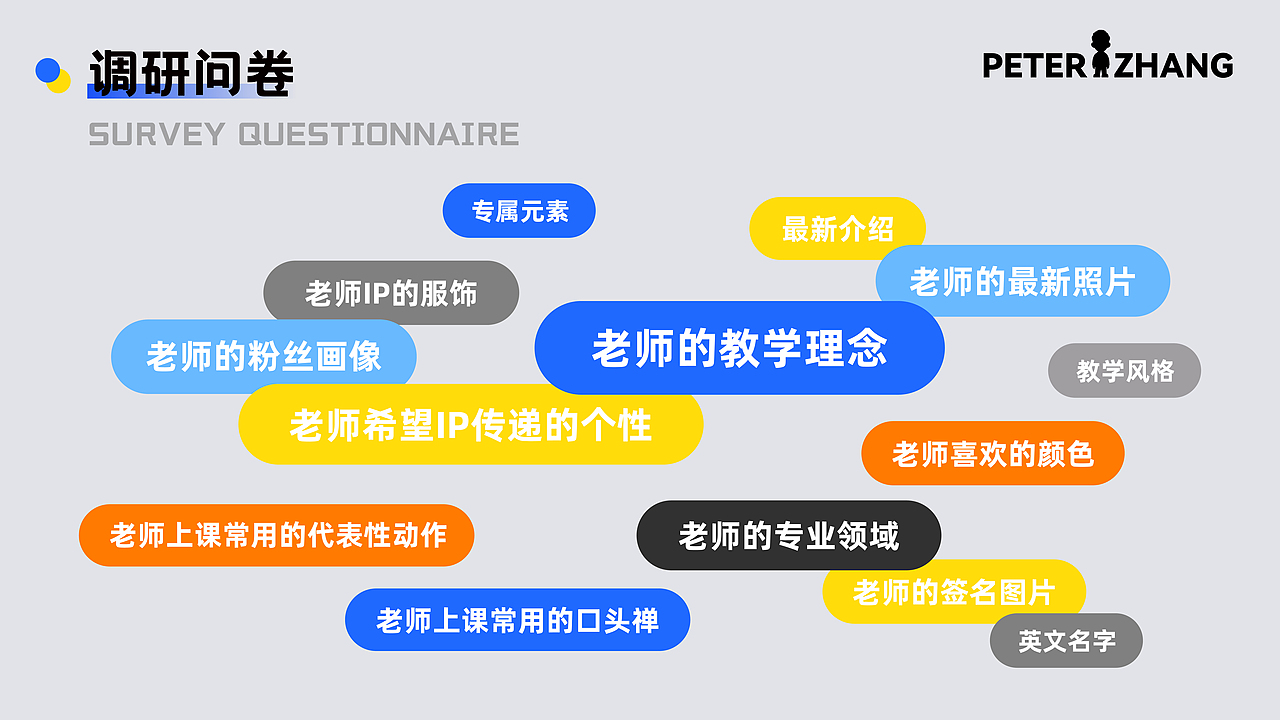 名师财经博主卡通人物IP设计&周边延展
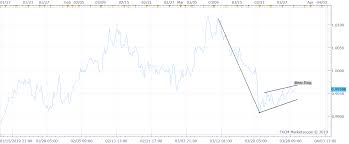 Usd Chf Technical Analysis Bear Flag On The 4 Hour Line Chart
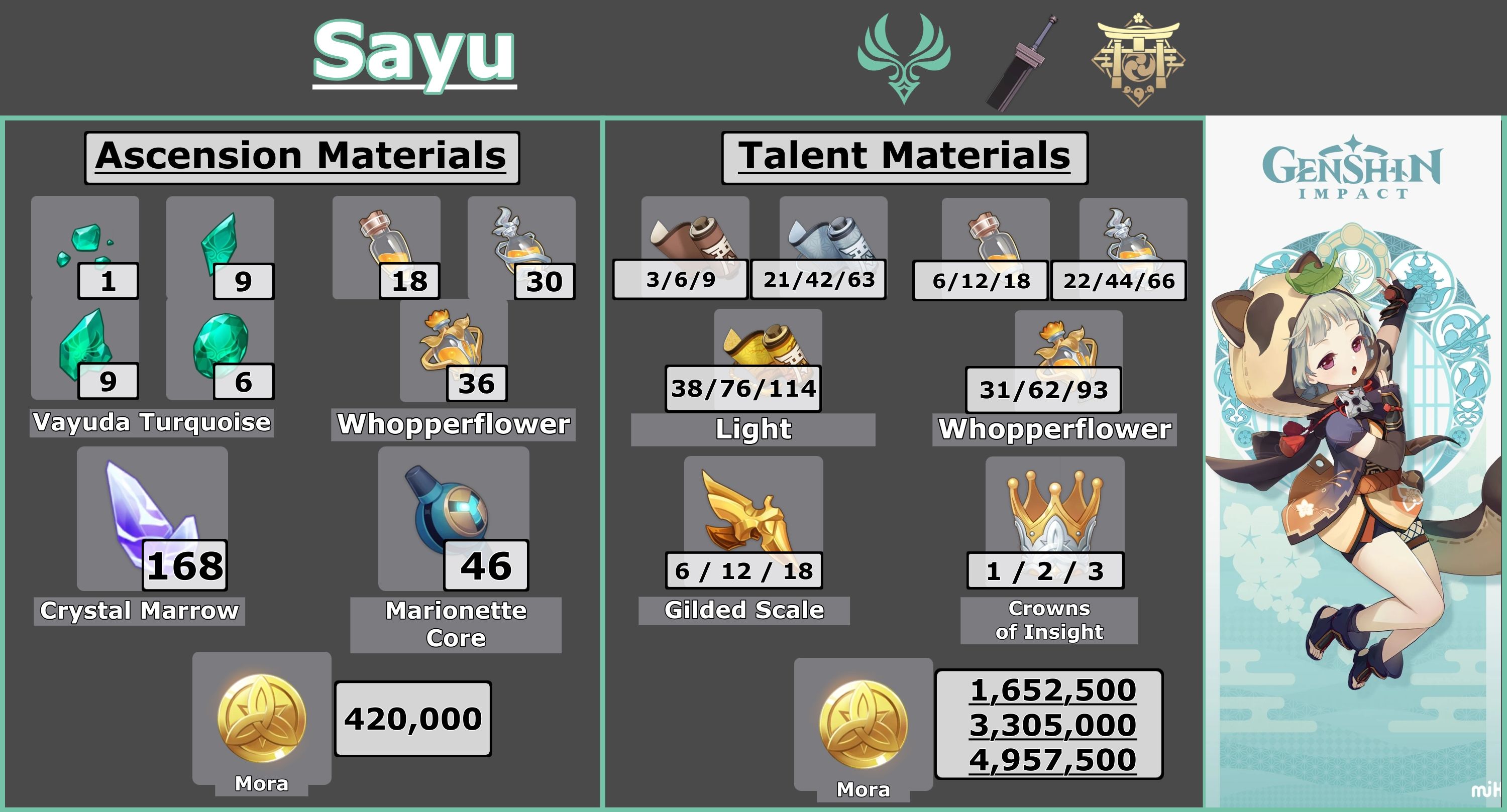 an infographic showing all of sayu's talent and ascension materials along with her element region and weapon - anemo Inazuma claymore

## WORK REQUEST
Reprint the listing above verbatim but drop the images.

## EXERCISE RESULT
 名师财经博主卡通人物IP设计&周边延展
 Usd Chf Technical Analysis Bear Flag On The 4 Hour Line Chart
 an infographic showing all of sayu's talent and ascension materials along with her element region and weapon - anemo Inazuma claymore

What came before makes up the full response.